Harry Rus Warne (October 10, 1872 – April 25, 1954) was a Charleston, West Virginia-based architect.

He was born at Parkersburg, West Virginia in 1872 and attended the Ohio Mechanics Institute (OMI) in Cincinnati, Ohio. Warne established his architectural practice in
Parkersburg in 1892, after having traveled extensively throughout the United States and in Europe. He moved to Charleston in 1902, and formed Silling Associates, Inc. The firm continues today as the oldest continuing architectural firm in West Virginia.

He designed two World’s Fair pavilions for West Virginia. One was the 123-foot tall Coal Column and West Virginia Building at the 1907 Jamestown Exposition; the other was the West Virginia Building for the 1915 Panama–Pacific International Exposition in San Francisco. He also designed many residential homes for wealthy clients in the growing suburbs of Edgewood, South Hills, and Kanawha City near Charleston.

Warne died at home in Charleston April 25, 1954, and his ashes are in the Warne family mausoleum in Mount Olivet Cemetery in Parkersburg.

==Selected works==
- 1897: Sharon Lodge No. 28 IOOF, Parkersburg, West Virginia, listed on the National Register of Historic Places in 1982.
- 1910: Kenwood (Huntington, West Virginia), Huntington, West Virginia, listed on the National Register of Historic Places in 2007.
- 1913: Old Main (Nicholas County High School), Summersville, West Virginia, listed on the National Register of Historic Places in 1989.
- 1916: Dalgain, Charleston, West Virginia, listed on the National Register of Historic Places in 1984.

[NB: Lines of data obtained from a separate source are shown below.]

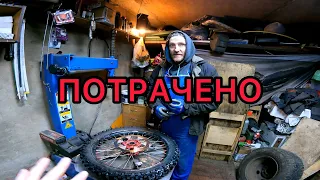 Мото шиномонтаж. Ставим шипованную резину на Эндуро.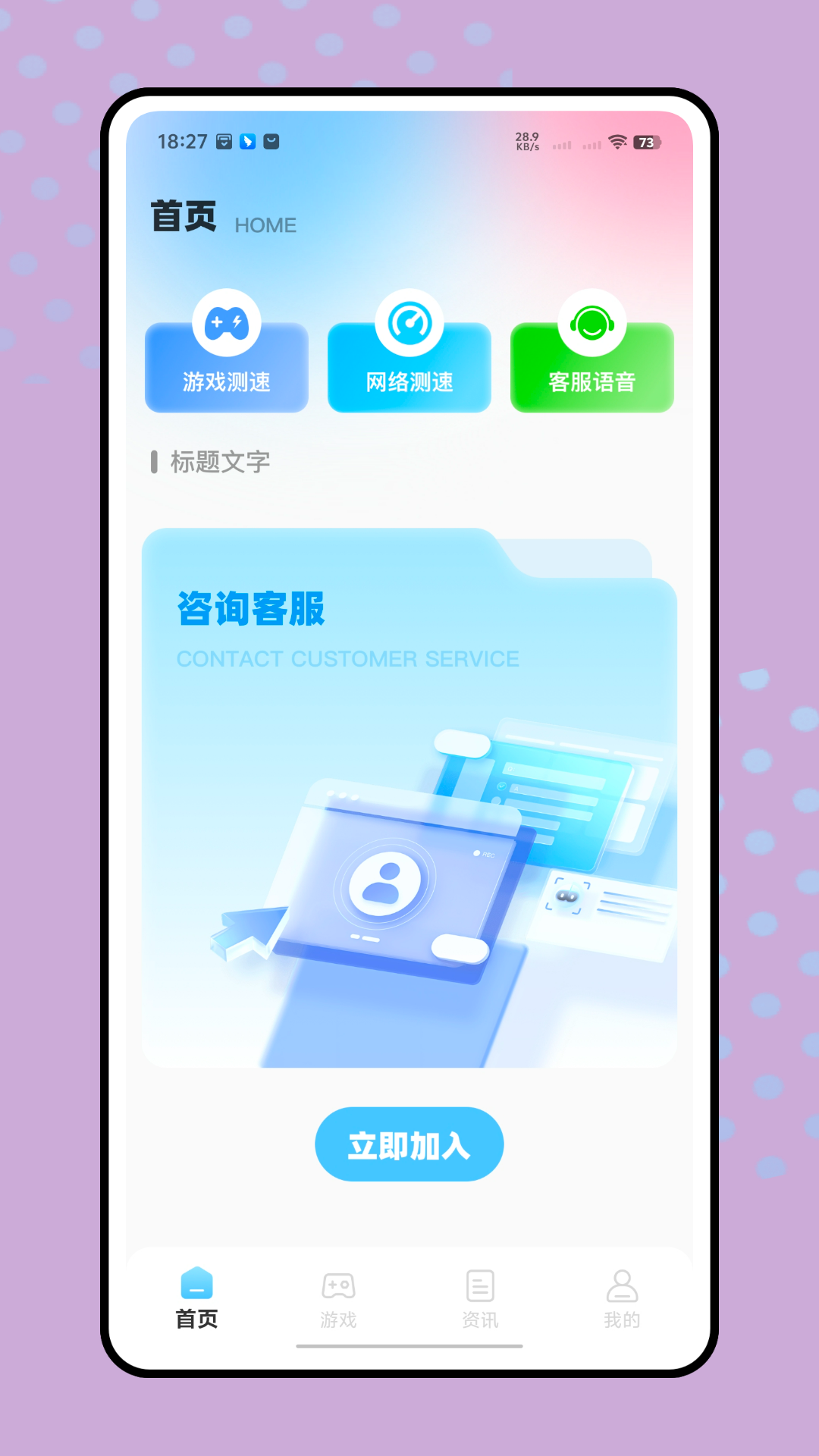 精彩截图-盼之希望客服2026官方新版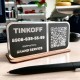 Табличка - визитница с qr кодом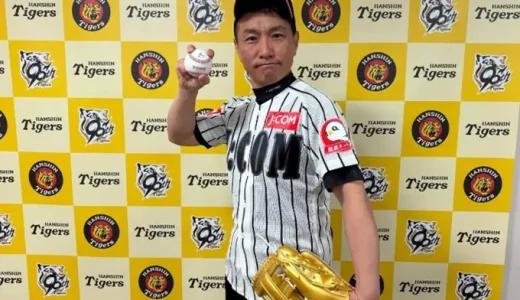 増田英彦の子供の年齢や性格と家族の温かい生活ぶりを紹介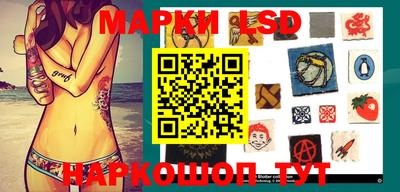 ПСИЛОЦИБИНОВЫЕ ГРИБЫ Гусиноозёрск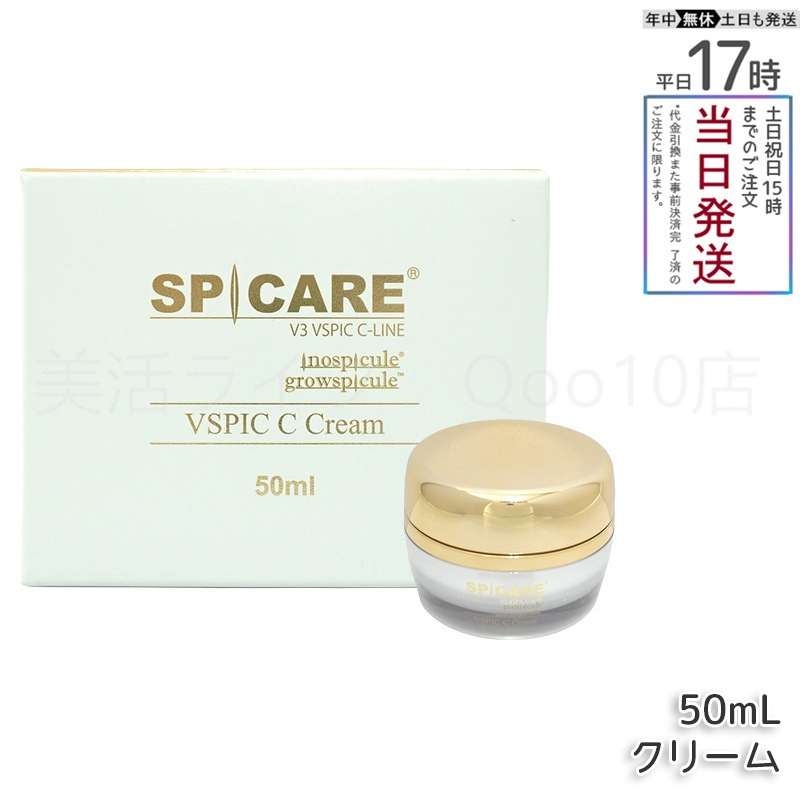 正規品 スピケア V3 VSPIC C クリーム 50ml SPICARE 韓国コスメ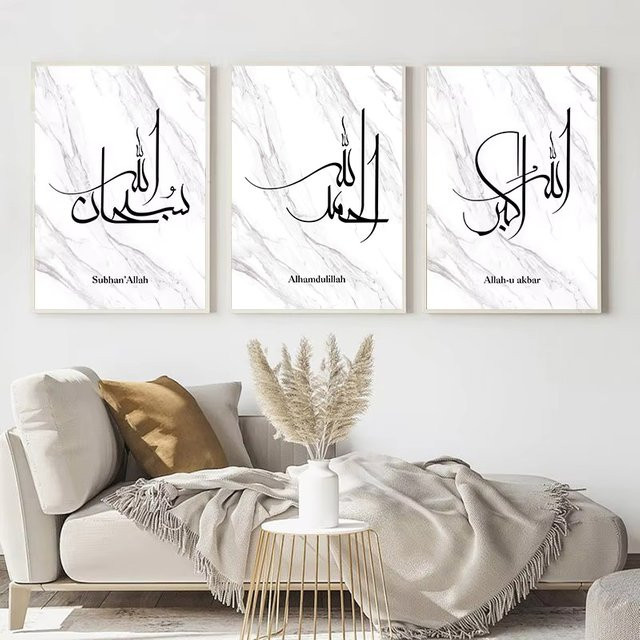 LINLAN Amity Moderne Islamische Wanddekoration als Leinwanddruck mit Typografie in Weiß - Bild 1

- 1917, 1924: Kanawha County Courthouse, Charleston, West Virginia, listed on the National Register of Historic Places in 1978; additions to original 1892 building by Warne and Warne, Tucker & Patteson.

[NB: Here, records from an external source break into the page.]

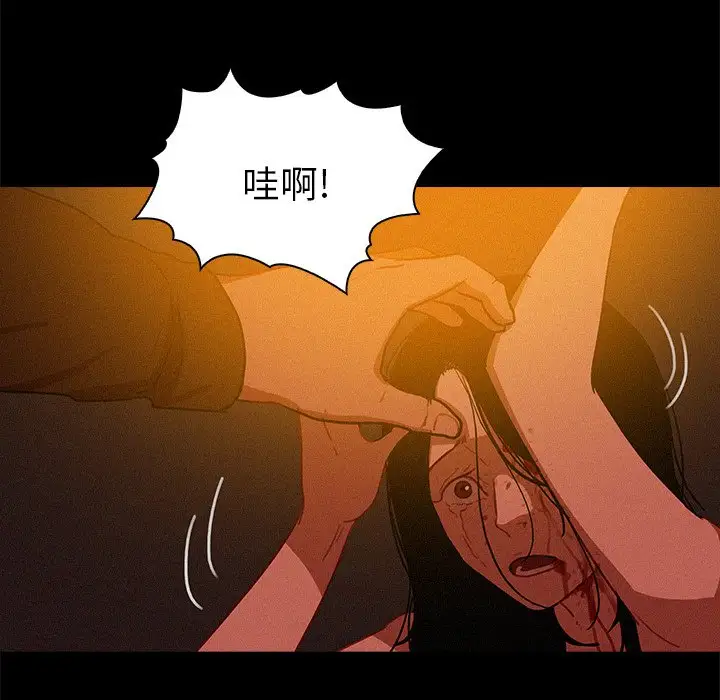 《迷失天堂》漫画 第42话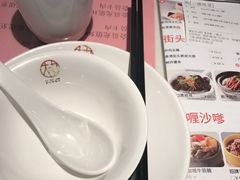 -新大咀港式茶餐厅(宝山万达店)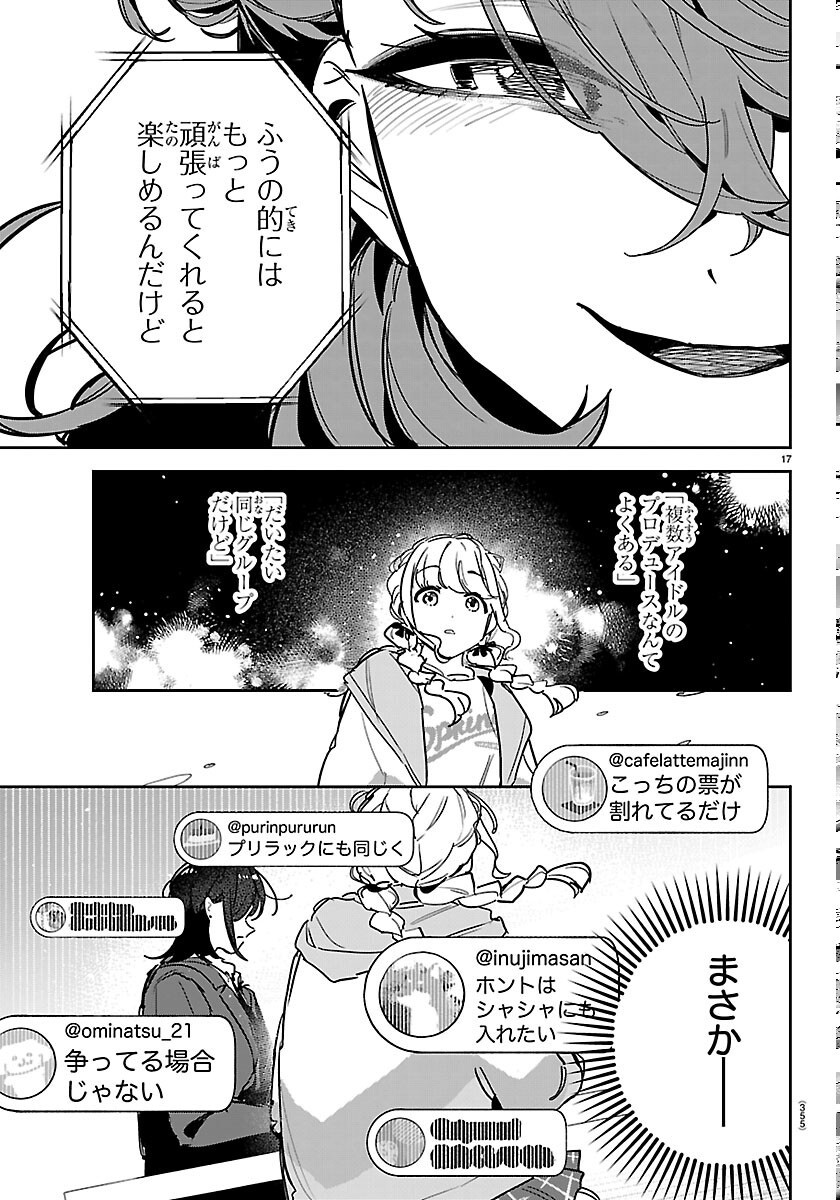 Gakuen Idol Master Gold Rush - Chapter 62 - Page 17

- 1917-1921: Boone County Courthouse (West Virginia), Madison, West Virginia, listed on the National Register of Historic Places in 1981.

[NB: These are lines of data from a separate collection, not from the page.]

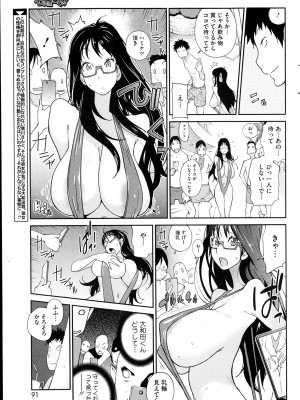 [琴義弓介] 巨乳隠すは七難暴く！？ 第1-7章_0043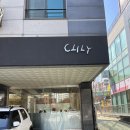 동편마을 | 안양 동편마을 파스타 맛집 크릴리 내돈내산 솔직후기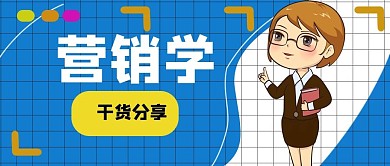 营销学网络营销蓝色卡通封面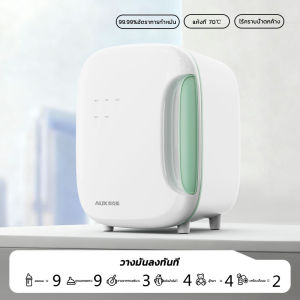 MISUTA ตู้ฆ่าเชื้อขวดนม อบแห้ง ลดกลิ่นอับ 3in1 อเนกประสงค์ LED เด็กขวดนมเครื่องนึ่งฆ่าเชื้อ Steriliser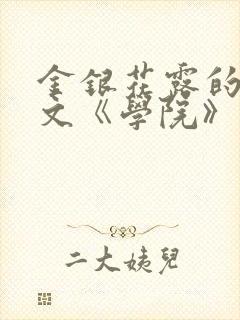 金银花露的代表文《学院》免费阅读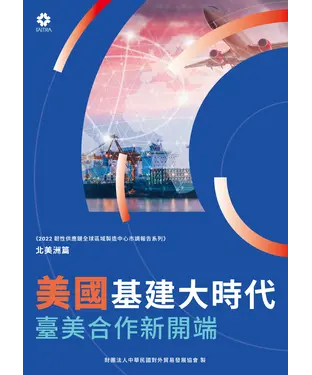 書封 美國基建大時代：臺美合作新開端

- 1921: Charleston City Hall, Charleston, West Virginia, listed on the National Register of Historic Places in 1988.
- 1928: Garnet High School, Charleston, West Virginia, listed on the National Register of Historic Places in 1990; by Warne, Tucker, Silling & Hutchison.
- 1928: St. John's Episcopal Church (Charleston, West Virginia), Charleston, West Virginia, listed on the National Register of Historic Places in 1989; Parish House additions to original building by Warne, Tucker, Silling & Hutchison.
- Also designed properties in the Grosscup Road Historic District, Charleston, West Virginia, listed on the National Register of Historic Places in 1984, and Mount Hope Historic District, Mount Hope, West Virginia, listed on the National Register of Historic Places in 2007.